Assigned task: Take the lines from the beginning of the material through the line containing "Natural - Non" and retype them exactly, leaving the pictures out.

Data records:
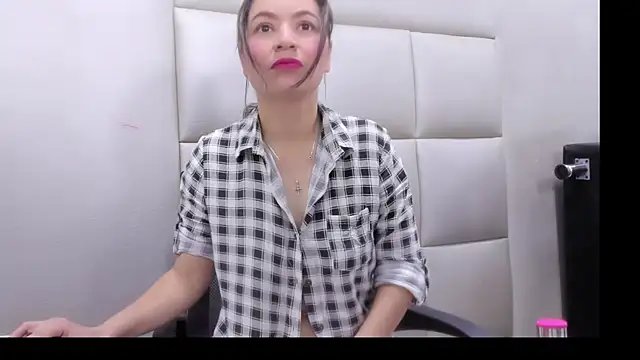 Snapshot of HannMachinne chatting on October 27, 2025, 10:47 pm HannMachinne online show from October 27, 2025, 10:47 pm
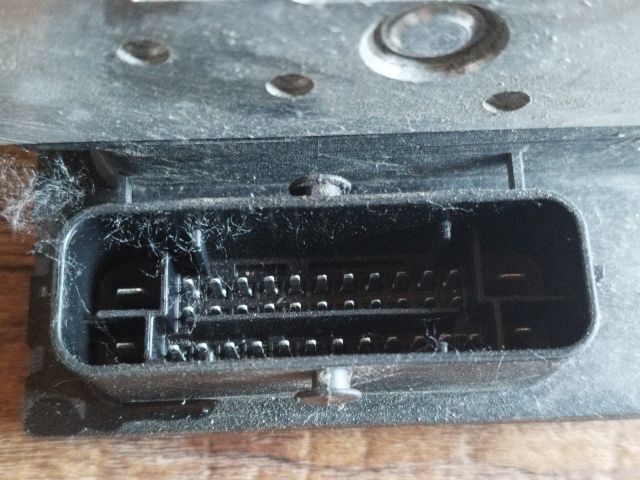 bontott AUDI A4 B8 ABS Kocka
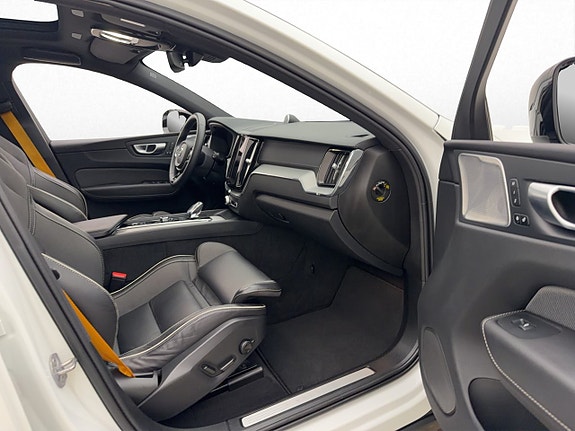 Volvo XC60 12 of 30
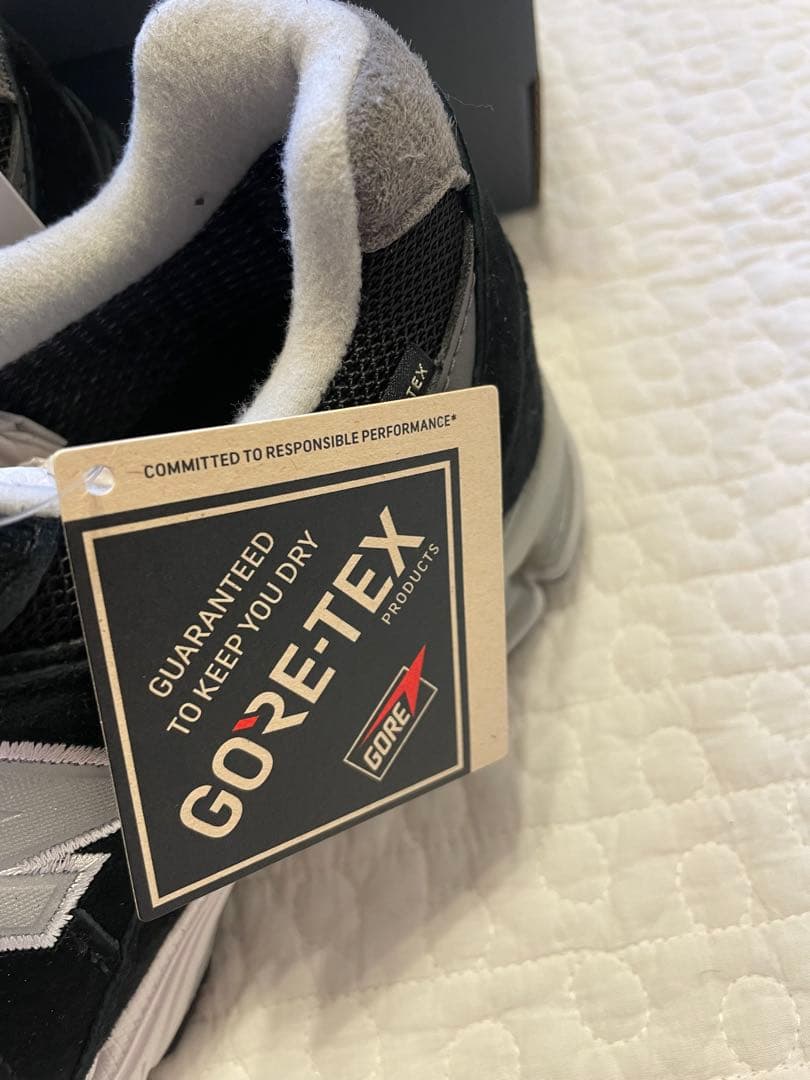 New Balance M2002RXD 25cm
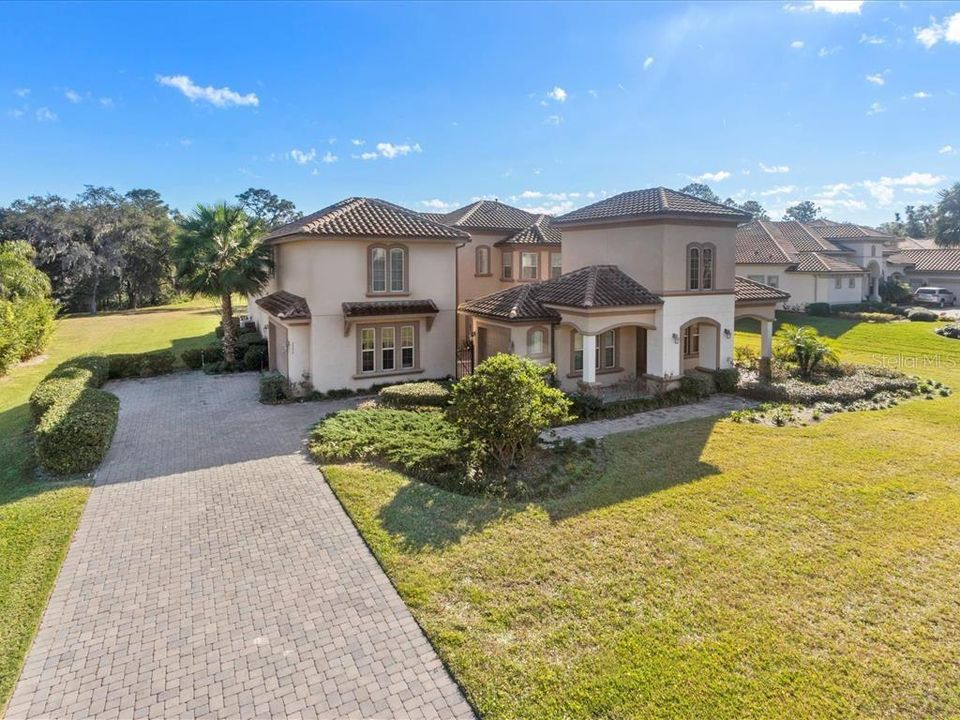 Recently Sold: $999,999 (5 beds, 6 baths, 5473 Square Feet)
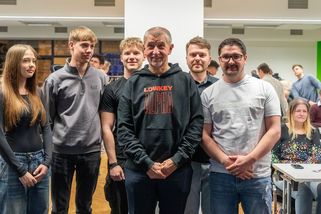 Babiš spustil prodej mikin a županů se svým logem - Novinky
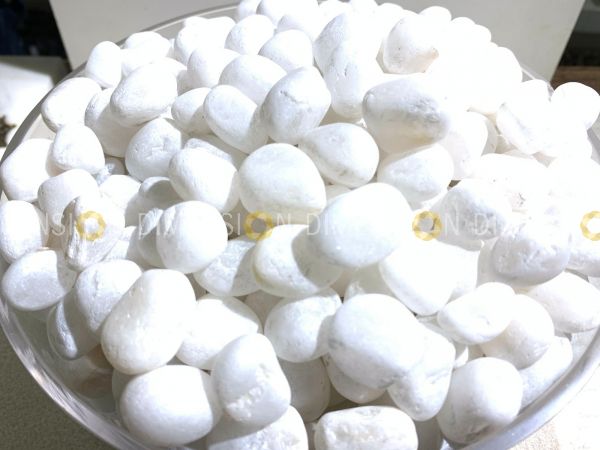 Natural - Non Polished Pebbles 5mm-10mm, premium quality - White (1kg Pack)
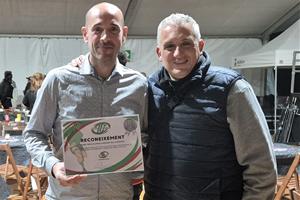 Els integrants del CE Nova Olivella a la Gala de la Nit de l’Esport d’Olivella 2025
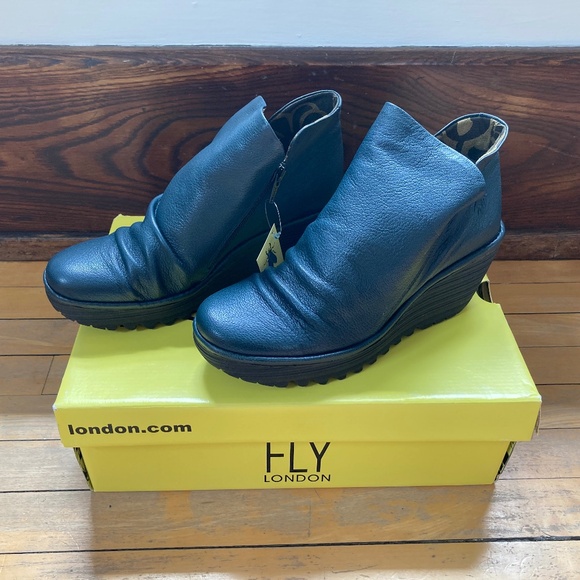 Fly London Yip Leather Mousse Reef - Women's EU 38 - NWT - Picture 1 of 9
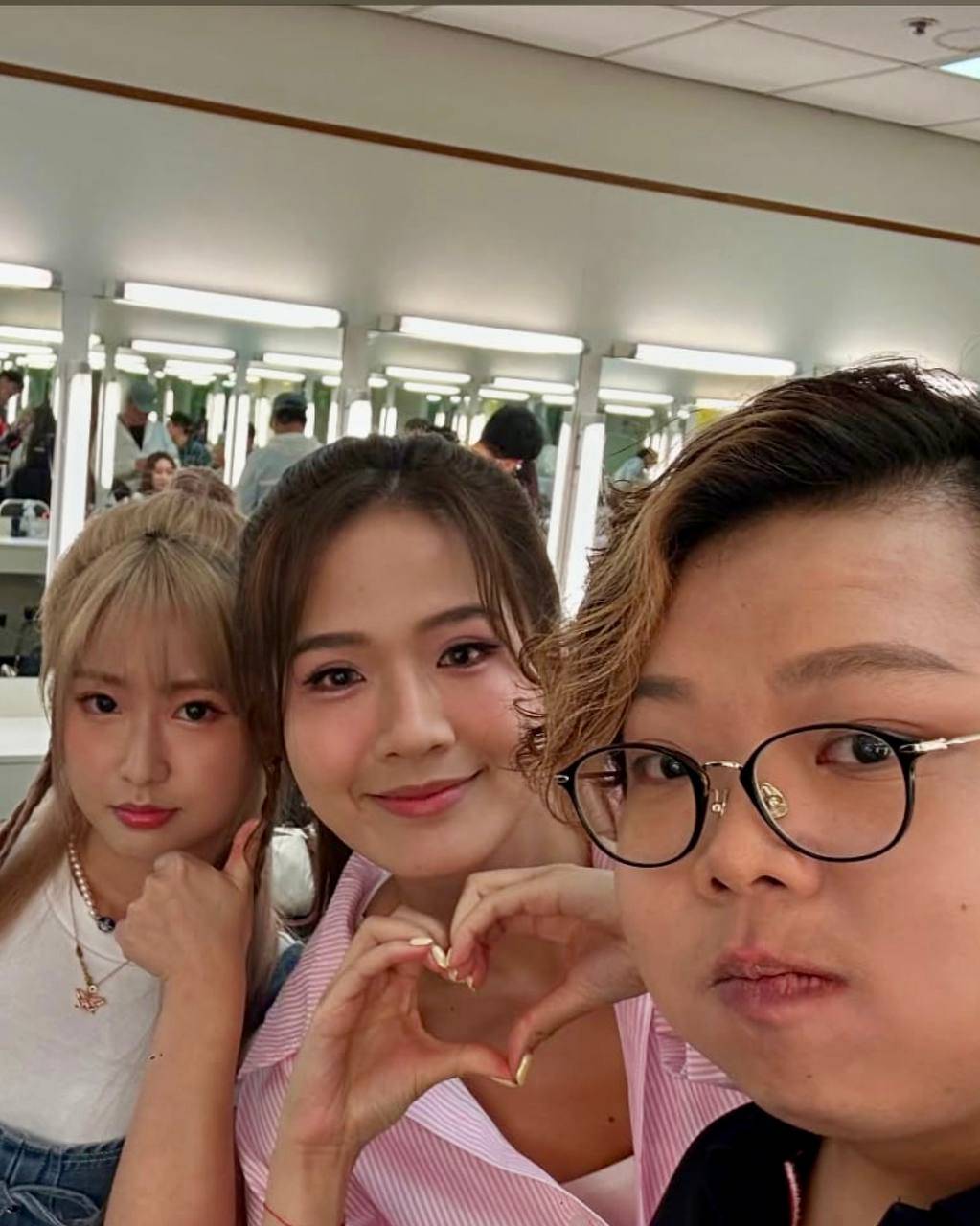 奇情谷 babyface Babyface在IG透露:「化妝間見到maggie ,同佢傾佐陣計,依舊親切友善,見到佢比起以前更有精神開心,相信好事近。」(圖片來源:babyface_hk)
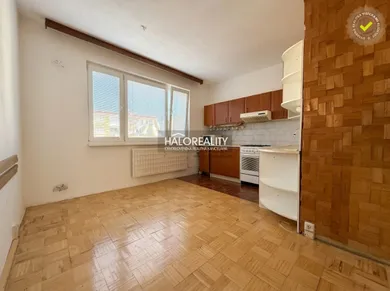 Na predaj 4-izbový byt, 92 m², Partizánske, Horská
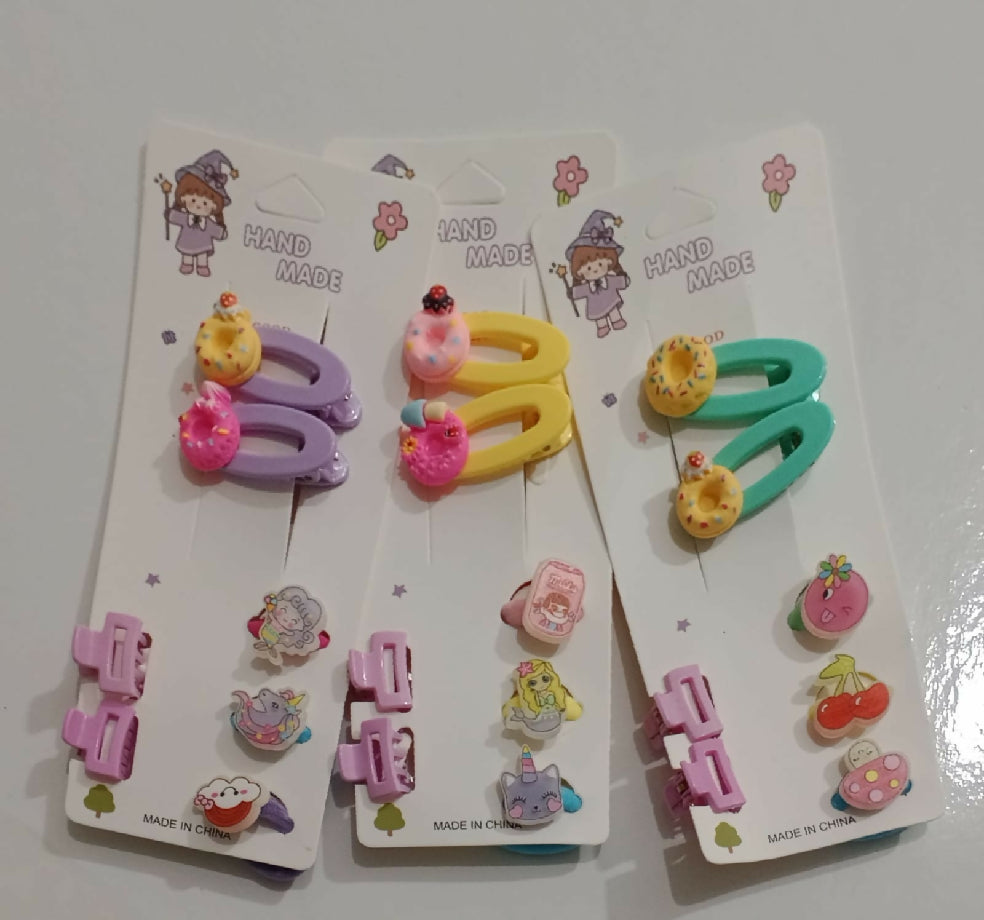 All in one 2 donut pins, 3 cute ponies,2 mini clips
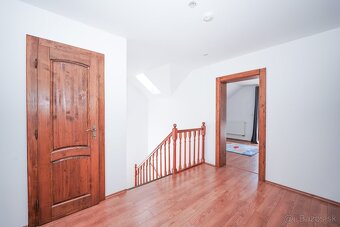 Rodinný dom v obci Rovinka na predaj - 8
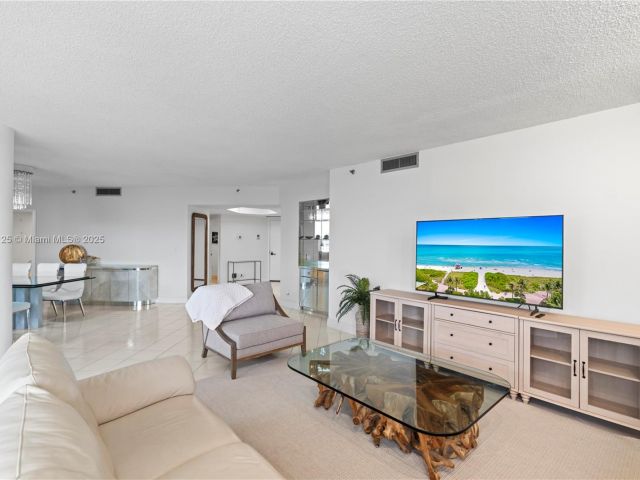 Apartment for sale  Unit #407 - photo 6257064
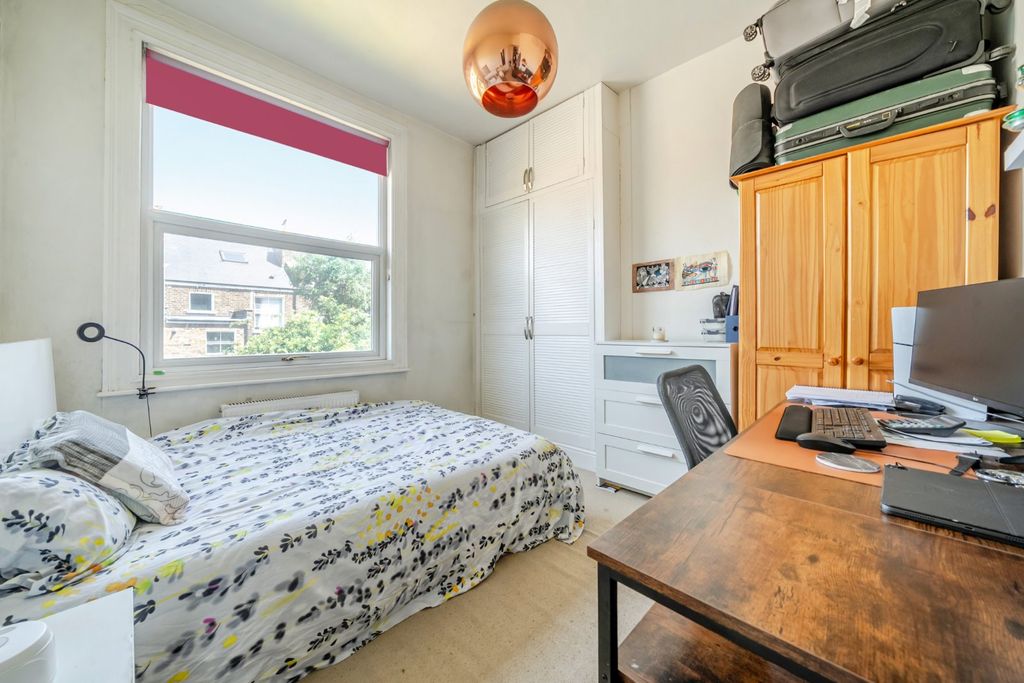 Property photo 3 of 7 Picture No. 17
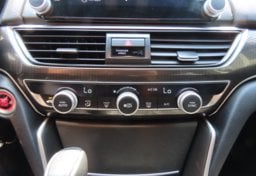 2021 Honda Accord Sport - Image 20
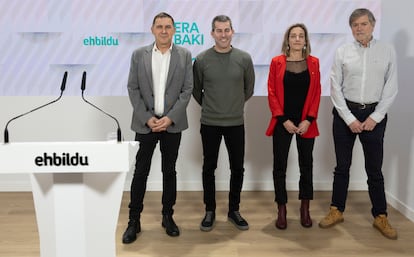 El coordinador general de EH Bildu, Arnaldo Otegi, posa en la sede del partido en San Sebastián junto a Arkaitz Rodríguez, Miren Zabaleta y Rafa Díez Usabiaga, condenados por el 'caso Bateragune'.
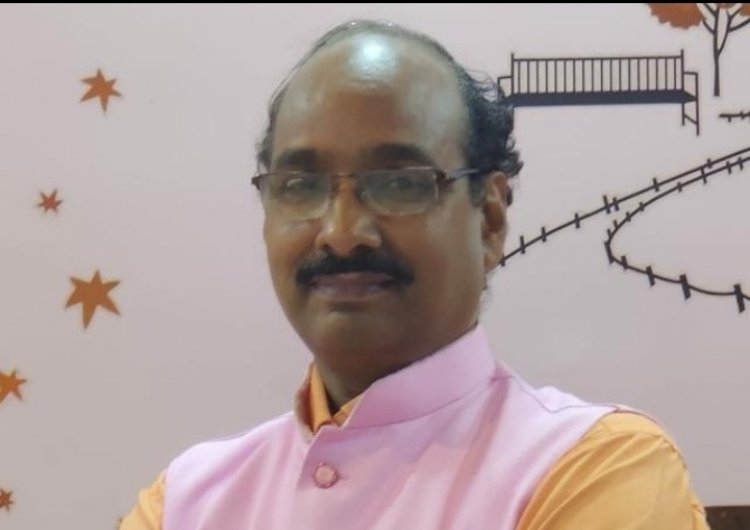 कविता : सबकुछ चलता है ....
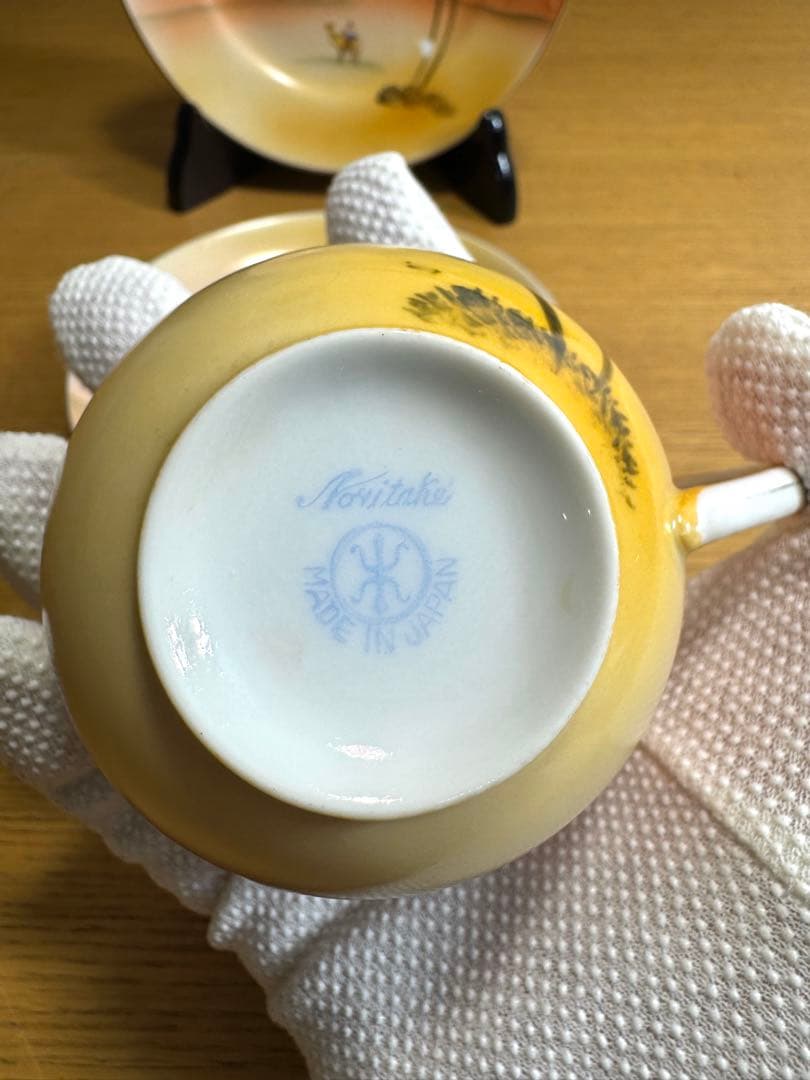 オールドノリタケ美品！金彩砂漠風景画 トリオセット　カップ＆ソーサー　プレー卜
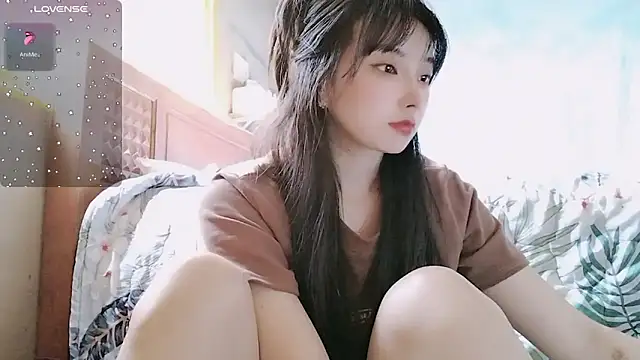 Snapshot of Nery_Asian chatting on 01.25.25 Nery Asian online show from 01.25.25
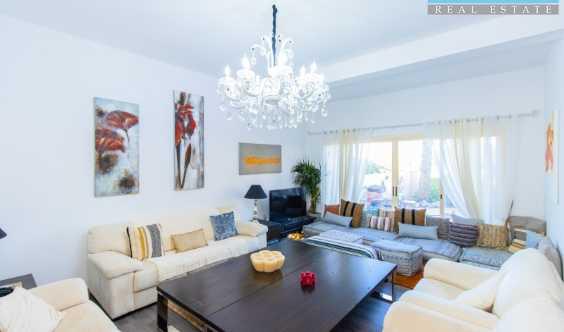 Fully Upgraded Amazing Lagoon View Vacant On Transfer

Result:
 Snapshot of HannMachinne chatting on October 27, 2025, 10:47 pm HannMachinne online show from October 27, 2025, 10:47 pm
 bontott AUDI A4 B8 ABS Kocka
 Volvo XC60 12 of 30
 New Balance M2002RXD 25cm
 Recently Sold: $999,999 (5 beds, 6 baths, 5473 Square Feet)
 Babiš spustil prodej mikin a županů se svým logem - Novinky
 Natural - Non Polished Pebbles 5mm-10mm, premium quality - White (1kg Pack)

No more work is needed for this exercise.